Action item =>
Would you print the data below exactly, leaving out every picture?

Collected data Block Start

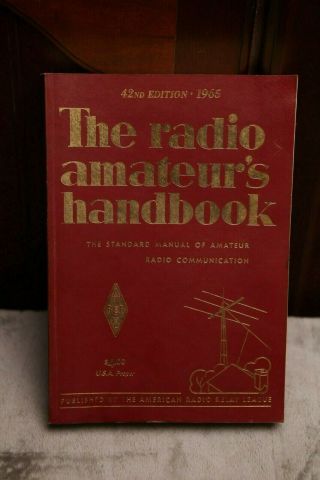 The Radio Amateur 
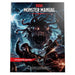 n/a galda spēles D&D 5e - Monster Manual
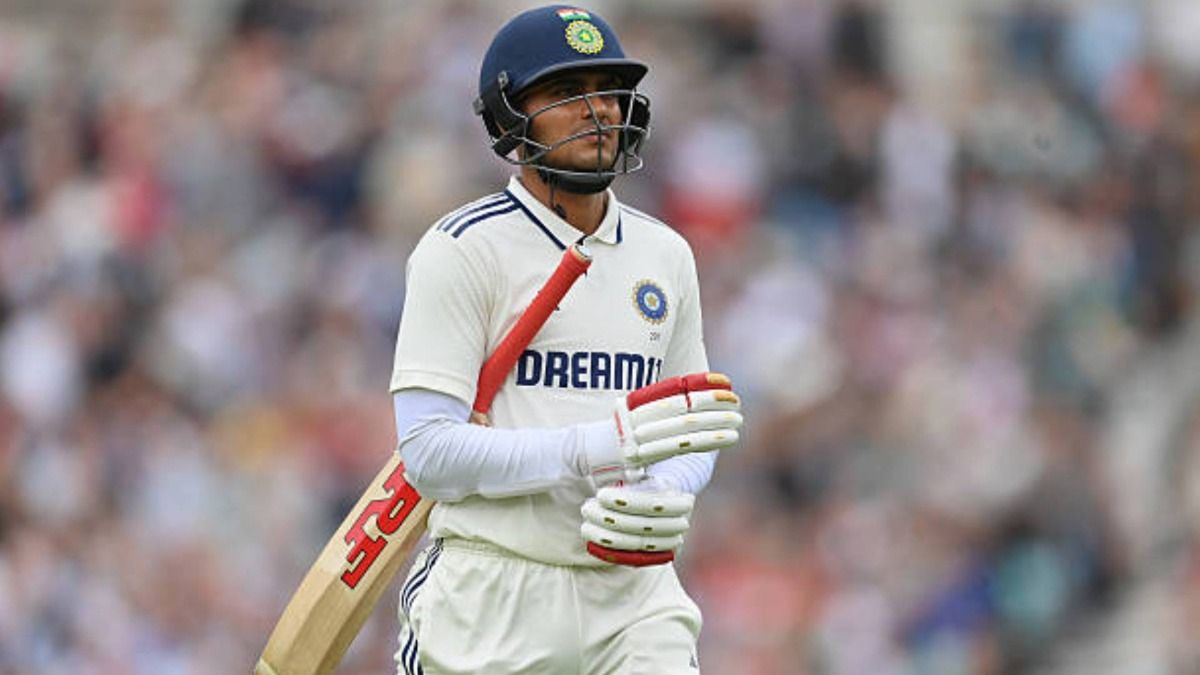 'He needs to work on...': Ravichandran Ashwin's verdict on Shubman Gill's batting approach ahead of South Africa Tests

Collected data Block End

Answer area =>
 The Radio Amateur 
 n/a galda spēles D&D 5e - Monster Manual
 'He needs to work on...': Ravichandran Ashwin's verdict on Shubman Gill's batting approach ahead of South Africa Tests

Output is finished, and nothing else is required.